On Hot Sauce and Murder

Posted by Daljit of NORN on July 4th, 2007 filed in Asteroid Pies

My Bestest Friendâ„¢ and I recently had a conversation during which I informed her that I would not hesitate to kill her and her boyfriend (who is a fun guy; I have nothing against him) should Milla Jovovich suddenly appear and ask me to. You wanna know how I know Sharon’s my best friend? Her response was “Dude, I’d be pretty disgusted with you if she asked you to kill me and you didn’t.” That’s a true friend, folks.

But do you know, when trying to explain this to others, I have been less than successful. Most people simply do not understand and I don’t know how to explain it to them. Their loss I suppose. I was just trying to explain to them the second most likely cause that I would go on a murderous rampage (the first most likely cause is being fed up with their dumbity).
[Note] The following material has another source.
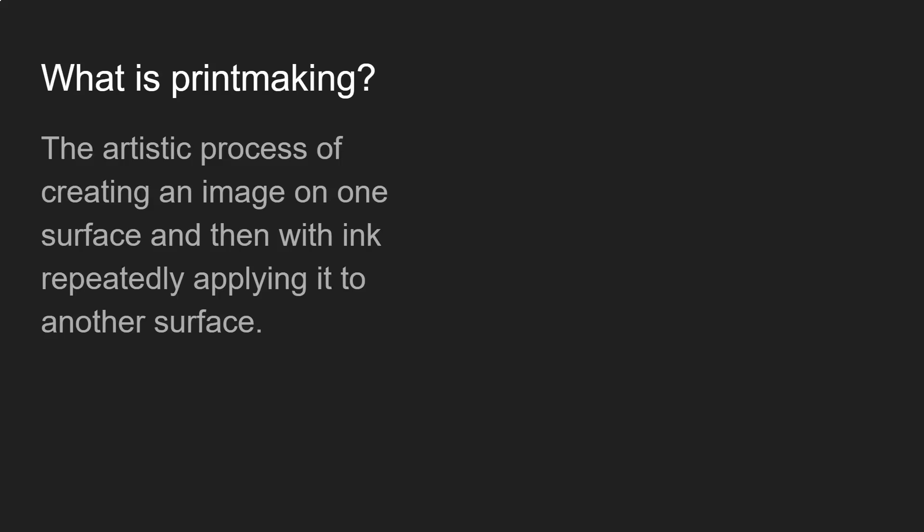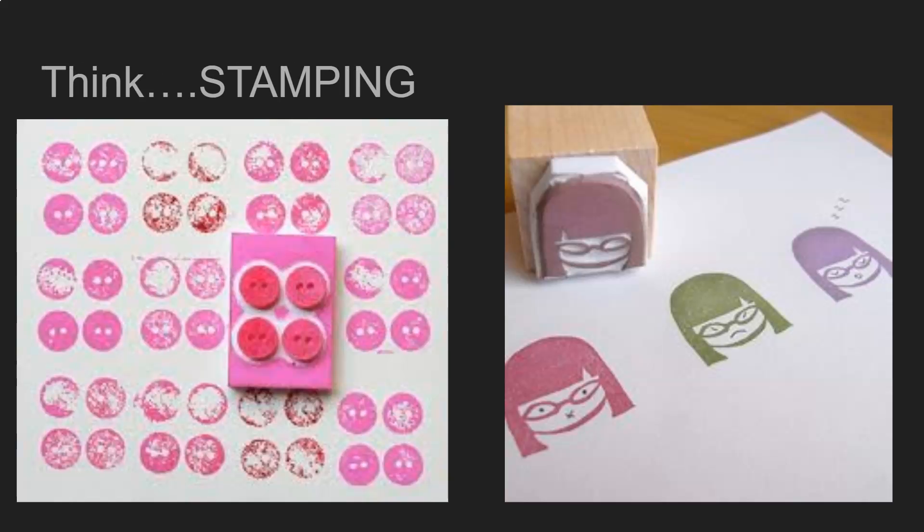So what is printmaking? Printmaking is the artistic process of creating an image on one surface and then, with ink, repeatedly applying it to another surface. Think about stamping — that stamp is one surface that you apply ink to, and you can repeatedly print it over and over again as many times as you want.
After careful consideration, I have recently expanded my list of hot chicks I would kill for to three people. Aside from the aforementioned person, I would also add Jemma Griffiths (aka the singer Jem) and the ubiquitous Angelina Jolie.

On a less homicidal note, we had another discussion relating to giving up various favorite foods for significant others. Now, if you know me at all, you know that for me Hot Sauce > *. It’s just how things are. Almost everything is better with hot sauce (notable exceptions being drinks and deserts). If I was dating someone and they wanted me to give up hot sauce, I gotta tell ya, I’d kick em to the curb… unless they’re one of the three I mention above. For them, I would give up hot sauce. Everyone else, talk to the hand.

I just felt you all should know this just in case one day you decide to date me and want me to give up hot sauce. Know that this will not happen. And if I show up at your door unexpectedly with a big grin and an even bigger pointy stick, don’t be scared or sad. Know that your sacrifice will ensure good times for me. Because in the end, isn’t that what it’s all about? Good times… for me.

This post brought to you by Enchiritos drowning in habanero hot sauce with a touch of Dave’s Total Insanity Sauce and lots and lots of boredom. Oh, and the letter S.